From an evolutionary point of view, it is reasonable to question why we lack such an essential gene. In fact, a piece of the gene is still in our DNA, but it is highly mutated as a unitary pseudogene with much of the original gene missing and is therefore nonfunctioning. About 20% of the DNA sequence is mutated in comparison to other mammals. The presence of so many mutations requires that the original gene had to have been disabled long ago. The evidence of our evolution from a common ancestor of the primates is found in the fact that all primates have the same highly mutated fragment; so, the gene had to have been disabled before the different primate lineages diverged from the common ancestor. Chimpanzees and humans have nearly identical (98%) copies of the useless pseudogene in the same place in the DNA. Remarkably, the same can be said for almost every other pseudogene in the human genome which is incontrovertible evidence of our evolutionarily close relationship to chimpanzees. The reason primates ended up with only a relic of such a beneficial gene is quintessential Darwinian natural selection—which allows for nonfatal errors. The scientific molecular genetics data accumulated by decades of patient work has identified literally millions of such examples.

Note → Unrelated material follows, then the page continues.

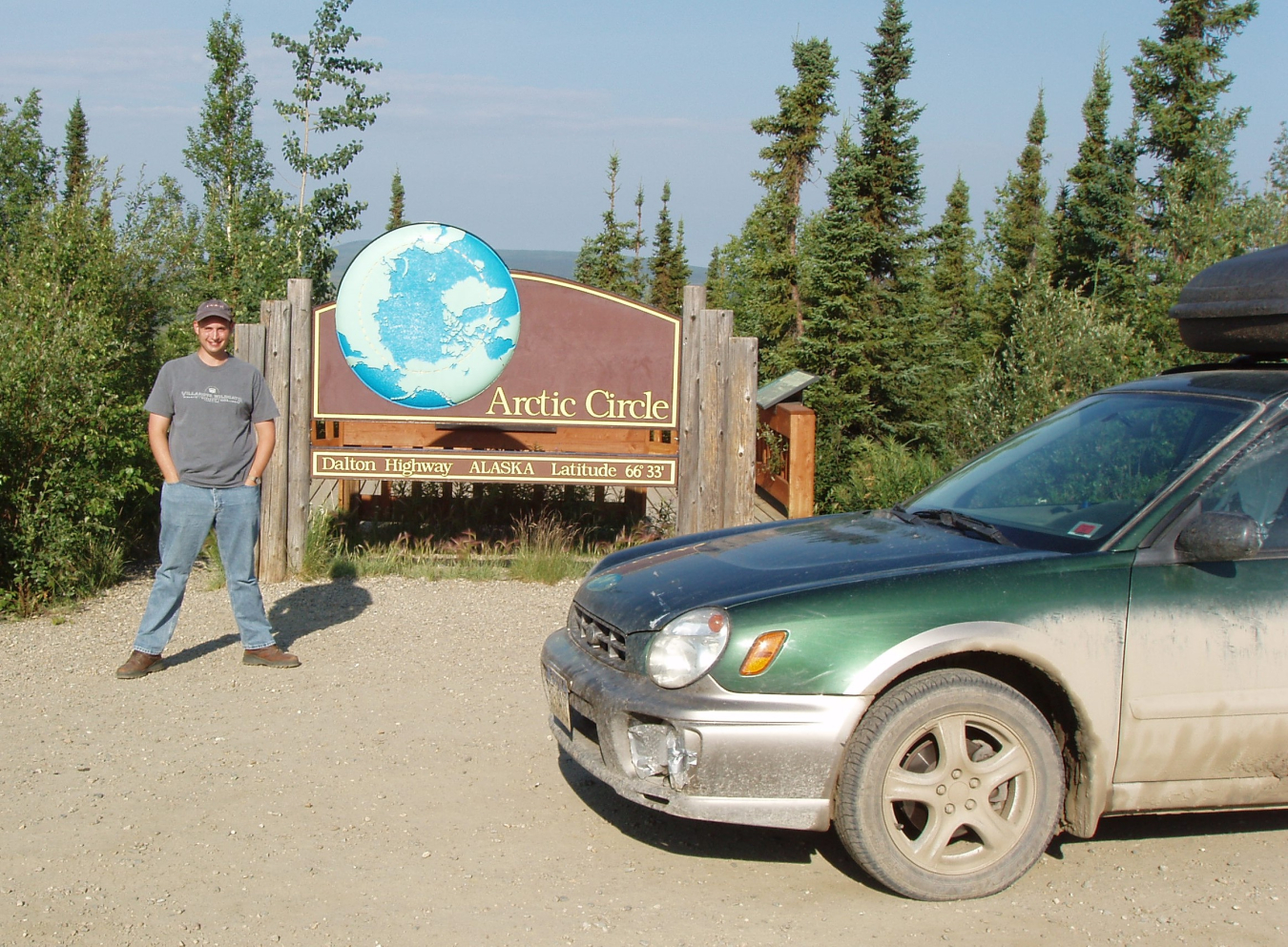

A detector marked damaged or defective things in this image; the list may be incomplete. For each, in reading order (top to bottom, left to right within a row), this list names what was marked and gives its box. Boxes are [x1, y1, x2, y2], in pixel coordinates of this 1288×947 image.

damaged front bumper [538, 626, 870, 832]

The laws of probability govern inheritance of DNA in part, and mutations occur as random variations. When very large amounts of DNA sequences are compared, the random variations—the ‘noise’—are averaged out, and the signal becomes much more apparent. Satta, et.al., compared 45 chromosomal genes covering 46,855 base pairs and determined that the human-chimpanzee relationship is closest in the trichotomy—which includes gorillas. (Y.Satta, et.al., DNA Archives and Our Nearest Relative: The Trichotomy Problem Revisited. Molecular Phylogenetics and Evolution 14:258-275, 2000). Wildman, et. al., evaluated 97 genes encompassing nearly 90,000 base pairs in 2003 and came to the same conclusion. Shi, et.al., studied 127 genes on chromosome 21 in 2003 and concluded unequivocally that their research, “unambiguously comes to the conclusion that chimpanzees were our closest relatives to the exclusion of other primates”.
Man is related to all flora and fauna of the earth, past and present, through a relatively few ancient collections of DNA proteins that remain remarkably very little altered to the present. Man evolved. Man is still evolving. Evolution is not a matter of man becoming a more prestigious species or a “higher animal”, but rather evolution through natural selection led to a truly remarkable species, one that has dominated the earth for tens if not hundreds of thousands of years. Barring cosmic, climatic, or self-inflicted catastrophes, it is likely that gradually evolving man will continue to be dominant in the foreseeable future. Paleoanthropology, the scientific discipline that studies hominids, will undoubtedly have sufficient new material to keep the study of man a vibrant exercise well into the future.